I am new to Hadoop and Cloudera Manager. I have several question related to hadoop that i want to ask. I hope all of you could help me to get better understanding hadoop especially Cloudera. Also i only add 3 services in Cloudera Manager, there are HDFS, MapReduce, & Zookeeper because i only need to focus on my research topic which is HDFS High Availability.
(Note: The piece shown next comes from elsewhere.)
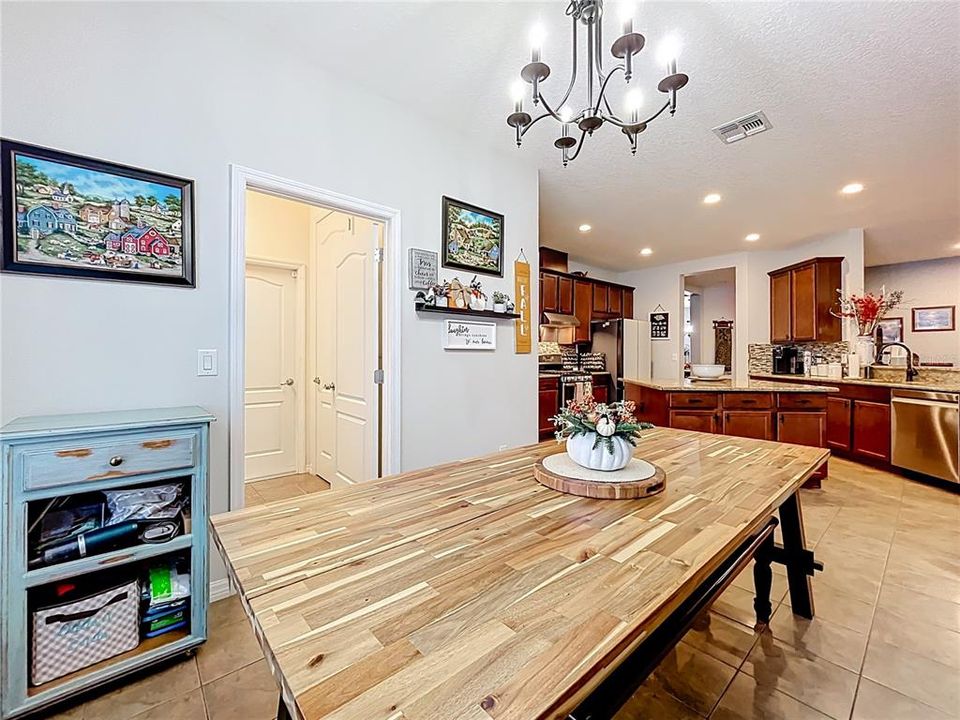 For Sale: $599,990 (4 beds, 3 baths, 2788 Square Feet)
Theses are the roles that i put in each node :

  1. Master node
  • HDFS Balancer
  • HDFS JournalNode
  • HDFS NameNode
  • HDFS SecondaryNameNode
  • HDFS HttpFS
  • MapReduce JobTracker
  • Zookeeper server

  2.Standby node

  • HDFS JournalNode
  • HDFS HttpFS
  • MapReduce JobTracker
  • Zookeeper server

  3. Slave nodes

  • HDFS DataNode
  • HDFS HttpFS
  • HDFS Gateway
  • HDFS Failover Controller
  • MapReduce Failover Controller
  • MapReduce TaskTracker

These are my question :

  1. How cloudera manager (CM) assign roles to each node? i mean if CM deploy each services in every slave nodes then is that mean all the roles in service has been deployed? is it just inactive or something? then when i assign roles, is it being active?For example, i add HDFS service in 4 different kind node (1 master, 3 slaves). Is that mean all roles including namenode, datanode, etc have been deployed too but not being active? then when i assign the roles using CM, is it being active? or is there any other explanation about how CM assign roles to each node?
  2. When i read the documentation about journal node & zookeeper, it told me that i need to deploy those two in odd node min. 3 nodes for 1 failover. It is recommended that i put a JournalNode each on the same hosts as the Active and Standby NameNodes, and the third JournalNode on similar hardware, such as the JobTracker. What does it mean? i dont quite understand which node i should put Journal node. I put it in Active & standby namenode but i dont know where i should put the third Journal node. Because i put Jobtracker in the same Node like Active namenode which is Master node. So where I should put the last journalnode & zookeeper?
  3. what is the function of HDFS HttpFS, balancer, failover controller & gateway? i see it in HDFS service. Is it necessary to the cluster? my cluster is just a simple Hadoop Cluster


Thanks in advance. Any help much appreciated.